EXERCISE DETAILS: Within the entries below, please return exactly the lines from the one with "Chanel Classic Flap" through the one with "Storm Black and", leaving out any pictures.
----- DATA UNDER STUDY -----
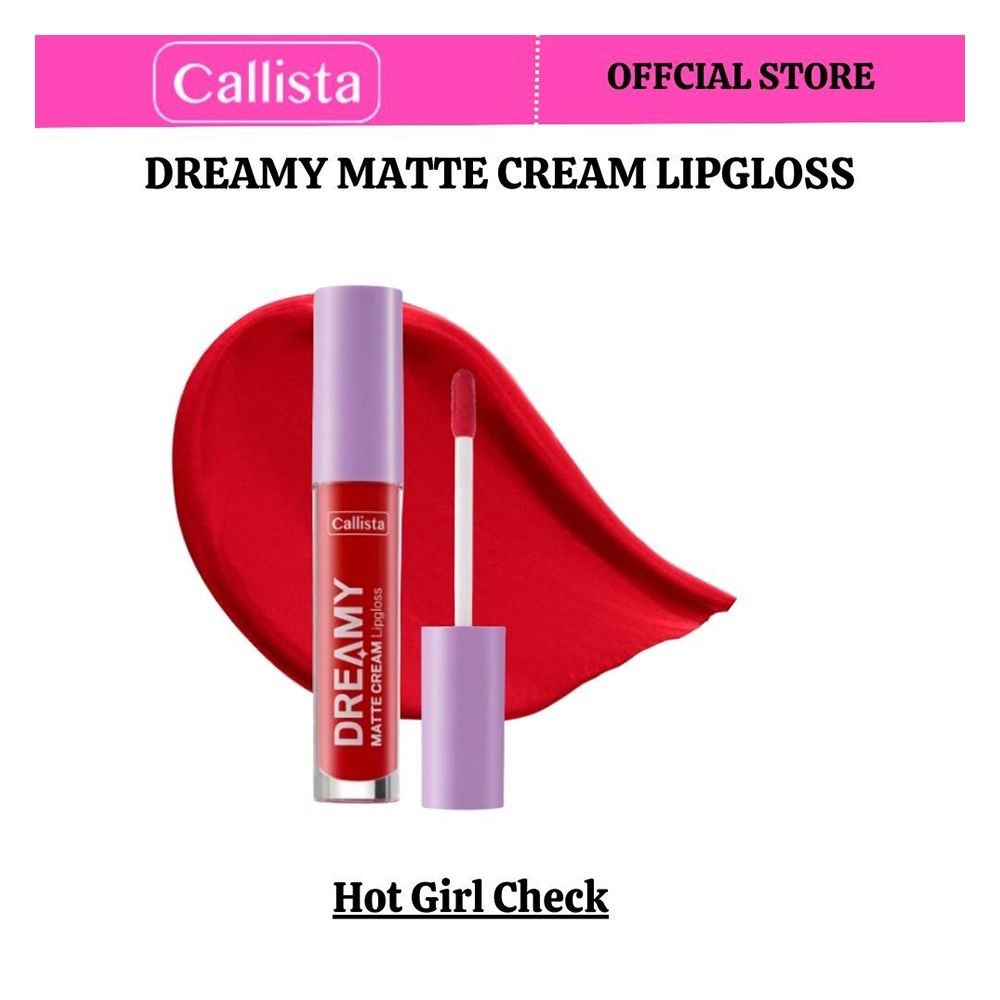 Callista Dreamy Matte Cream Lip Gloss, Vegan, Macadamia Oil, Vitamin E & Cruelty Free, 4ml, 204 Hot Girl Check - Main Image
-----
----- DATA UNDER STUDY -----
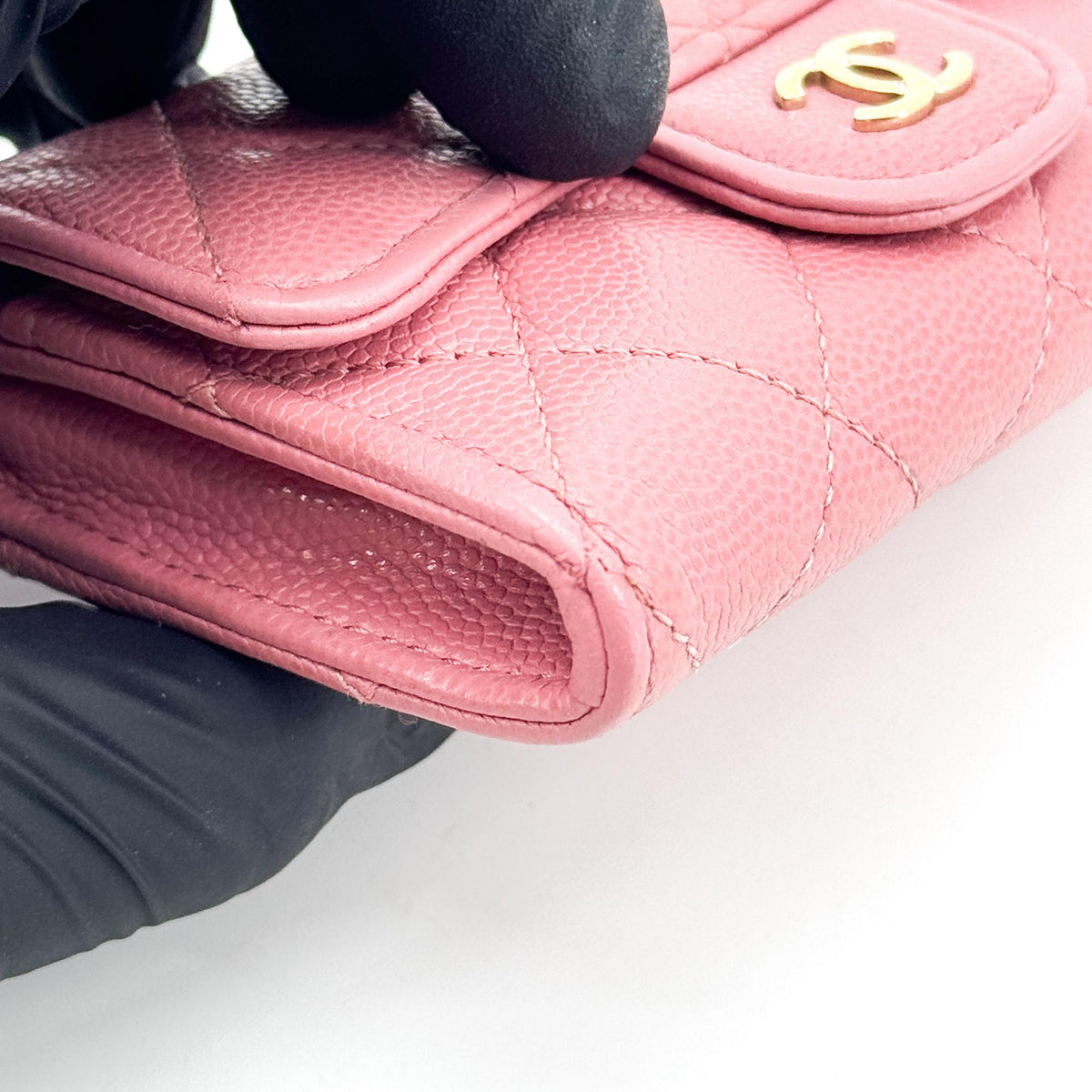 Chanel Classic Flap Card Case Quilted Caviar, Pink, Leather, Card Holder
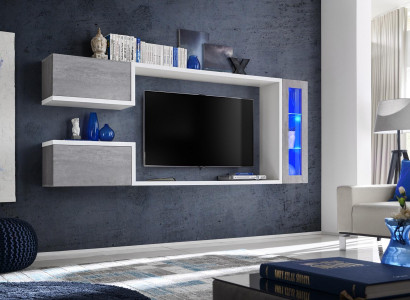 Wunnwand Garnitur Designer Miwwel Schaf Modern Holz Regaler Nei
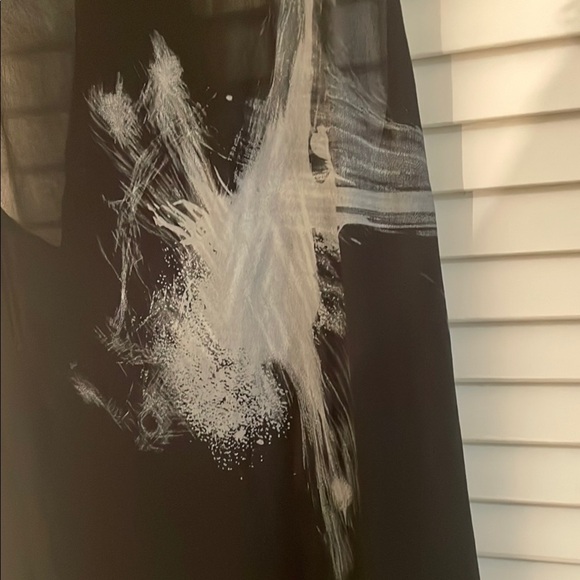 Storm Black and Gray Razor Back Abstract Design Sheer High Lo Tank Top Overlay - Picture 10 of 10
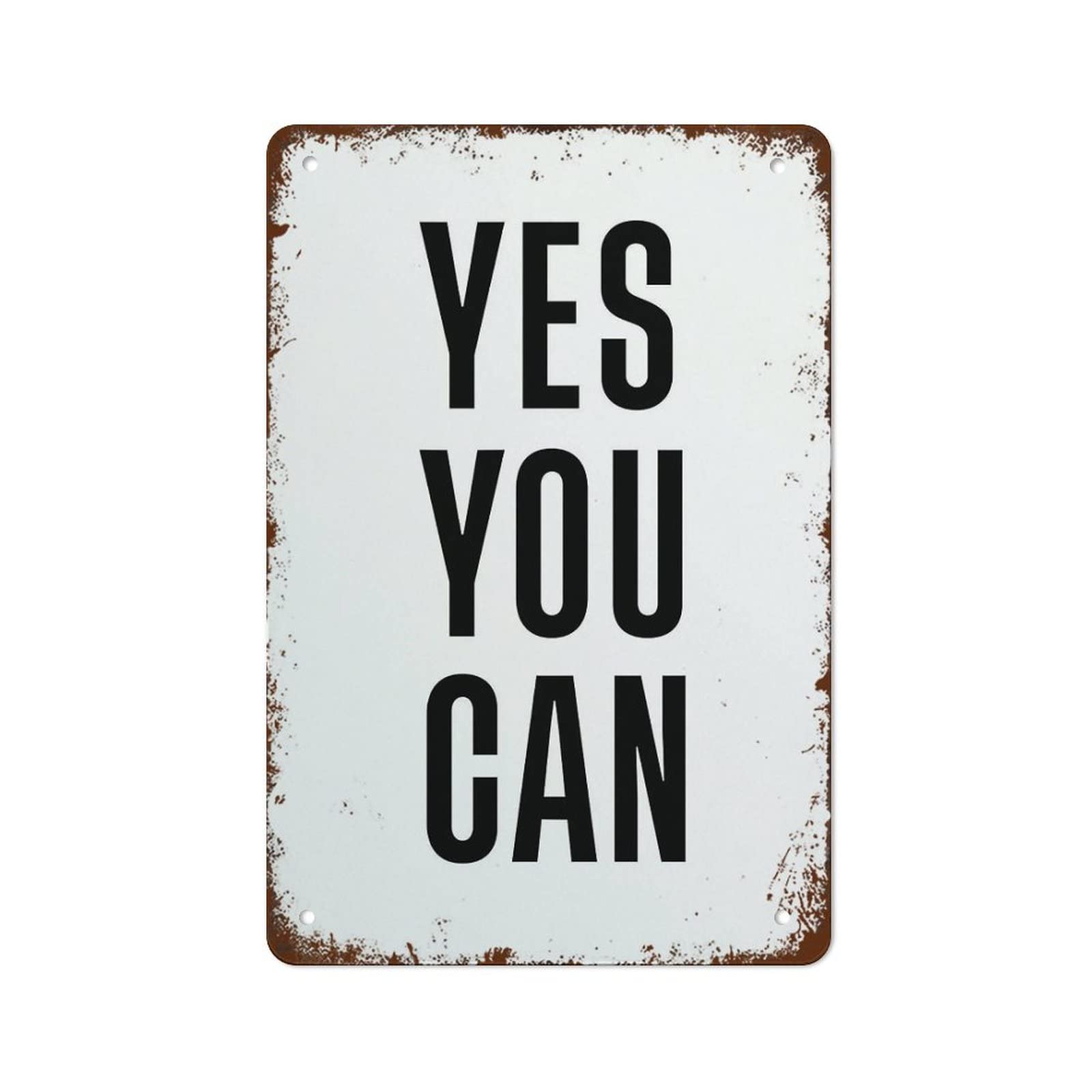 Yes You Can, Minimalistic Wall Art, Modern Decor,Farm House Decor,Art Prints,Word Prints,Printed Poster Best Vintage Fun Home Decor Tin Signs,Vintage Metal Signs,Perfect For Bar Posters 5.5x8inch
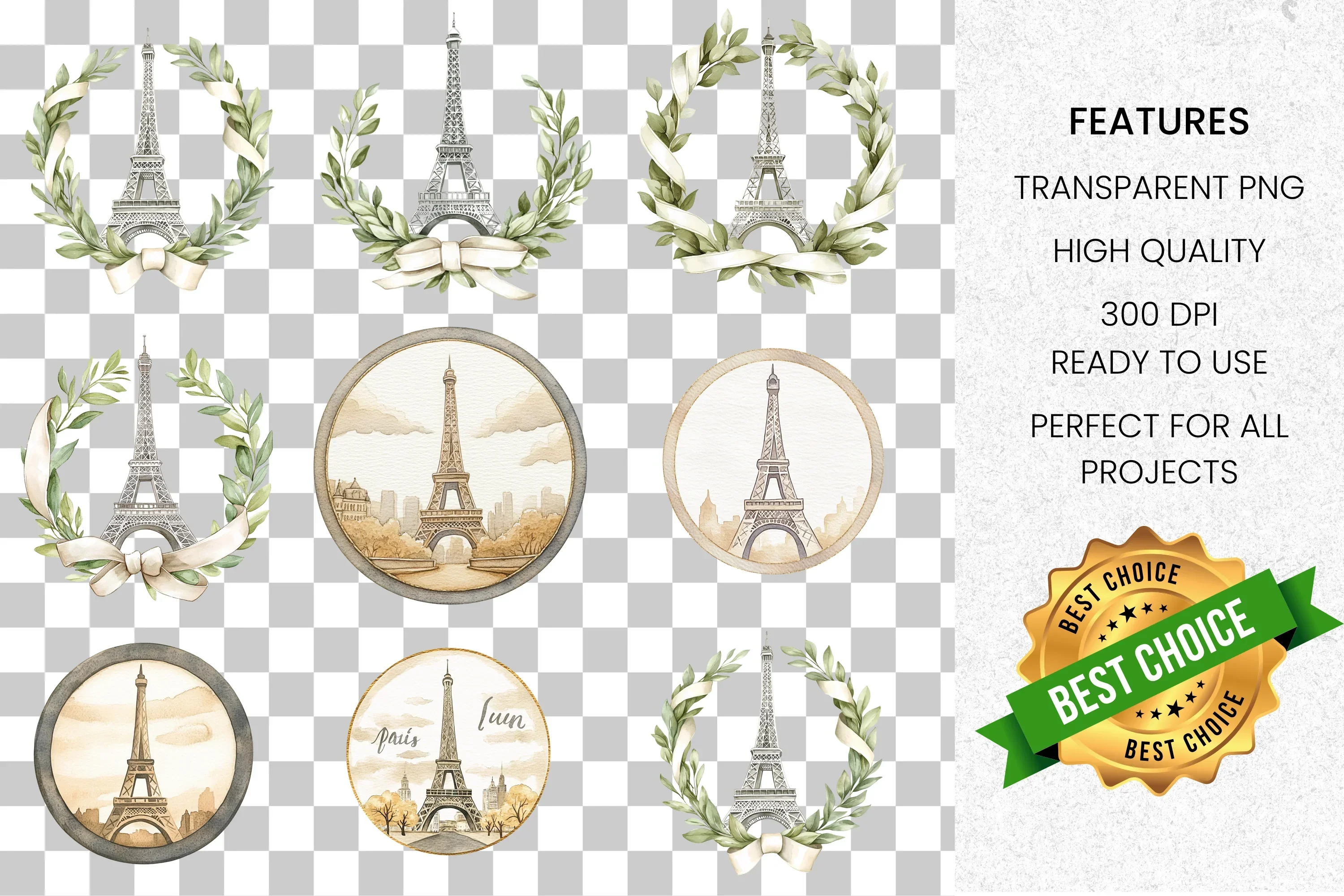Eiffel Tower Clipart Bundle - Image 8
-----
TASK OUTPUT:
 Chanel Classic Flap Card Case Quilted Caviar, Pink, Leather, Card Holder
 Wunnwand Garnitur Designer Miwwel Schaf Modern Holz Regaler Nei
 Storm Black and Gray Razor Back Abstract Design Sheer High Lo Tank Top Overlay - Picture 10 of 10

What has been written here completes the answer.